Search code examples
pythonpython-multiprocessing

Multiprocess Slower When Variable Defined Inside Function


I have the following code:

import numpy as np
from multiprocess import Pool

data = np.zeros((50,50))

def foo():
    # data = np.zeros((50,50)) # This slows the code.
    
    def bar():
        data.shape
        
    with Pool() as pool:
            async_results = [pool.apply_async(bar) for x in range(20000)]
            out = [async_result.get() for async_result in async_results]
  
foo()

As written, it takes 3 seconds to run. But when I uncomment the first line of foo(), the code takes 10 seconds.

Commenting out the initial definition of data doesn't fix the issue. So I think the bottleneck isn't when data is initialized. I suspect the problem is passing data to each of the processes, but I can't confirm this.

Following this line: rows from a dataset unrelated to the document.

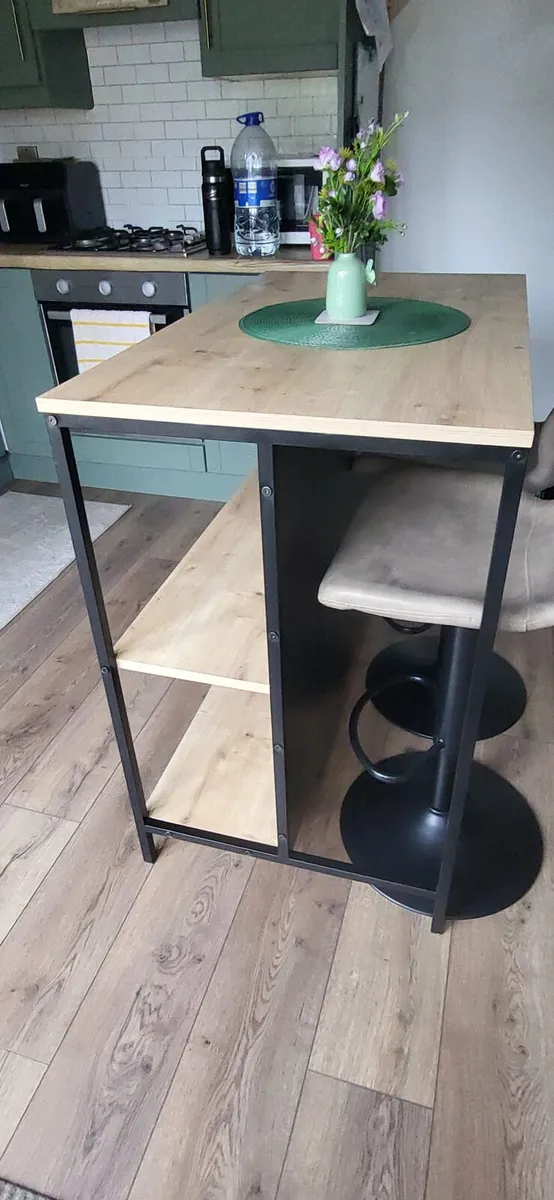 Breakfast bar with Stools - Image 2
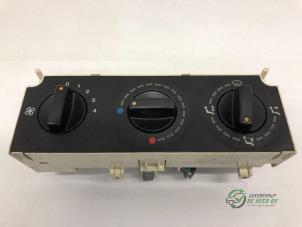 Usados Panel de control de calefacción Citroen Berlingo 1.9 Di Precio € 22,00 Norma de margen ofrecido por Autobedrijf de Heer B.V.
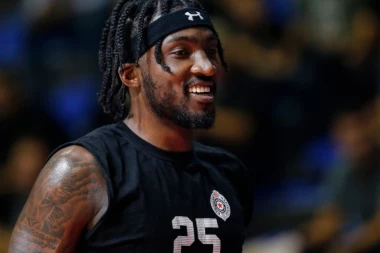 (VIDEO) LUDA ZABAVA NA TRENINGU PARTIZANA: Mekintajer "polomio" Tomasa, a onda je Angola dodatno začinio stvari!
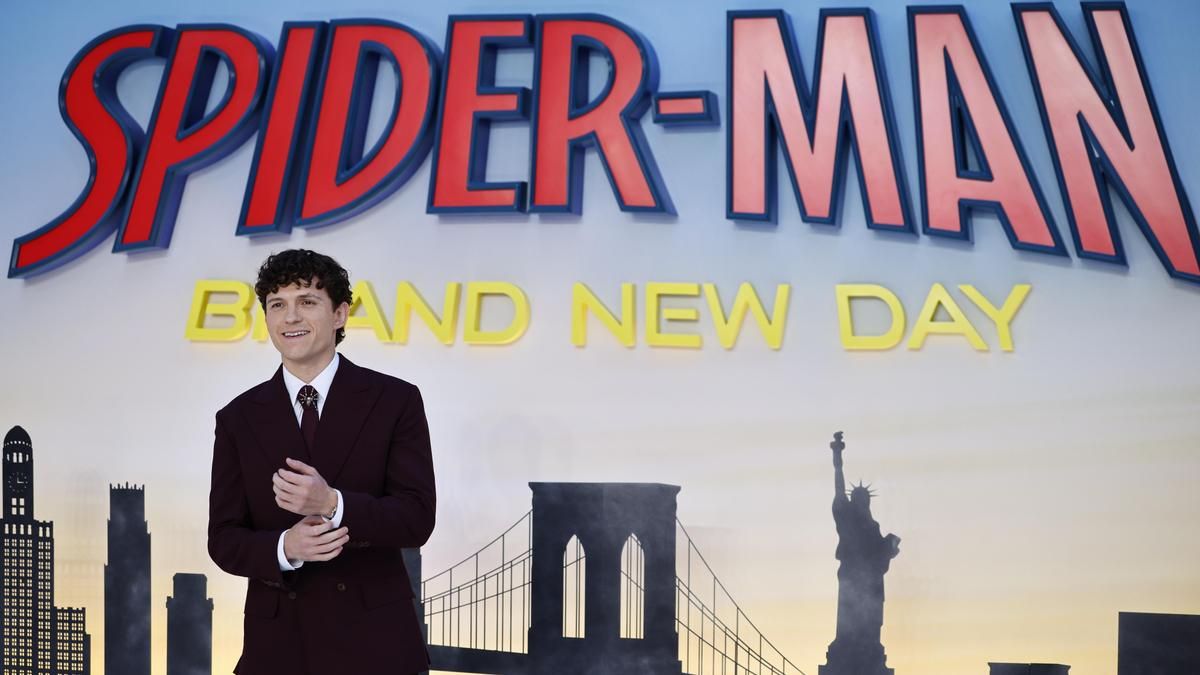 El actor británico y protagonista de 'Spider-Man: Brand New Day', Tom Holland, a su llegada al estreno de la película en el Reino Unido el 29 de julio de 2026 en Londres.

And I don't know why defining data outside of foo would help.

Why is there a discrepancy in speeds?


Solution

  • The discrepancy is because globals get copied to the workers "for free" (either essentially completely free due to forking, or free from the perspective of the parent process because the child processes recreate them on launch), while closure-scoped variables can't be (they're copied in the fork scenario, not in any other scenario, and even when they're copied, there's no meaningful way to look them up in the child process, so they get copied again for each task).

    To support serializing closures, dill (the extended version of pickle underlying multiprocess that allows it to dispatch closure functions at all) has to serialize the array, send it across the IPC mechanisms with the rest of the data for that task, and deserialize it in the worker, repeating this once for every task. It may also be required to use a more complex format for the function itself (there are some weird optimizations they might use to keep nested, but non-closure, functions cheap to serialize, that would break down for true closures).

    It's essentially the same problem described in Python multiprocessing - Why is using functools.partial slower than default arguments? caused by dill trying to solve the same problem that functools.partial needed to solve to make it picklable. While regular multiprocessing doesn't support pickling nested functions at all, dills support for closures is effectively performing the same work as pickleing a partial, and the same costs get paid.

    TL;DR: At global scope, you don't have to package the array data with each task. At closure scope, you do, dramatically increasing the work done to dispatch each task.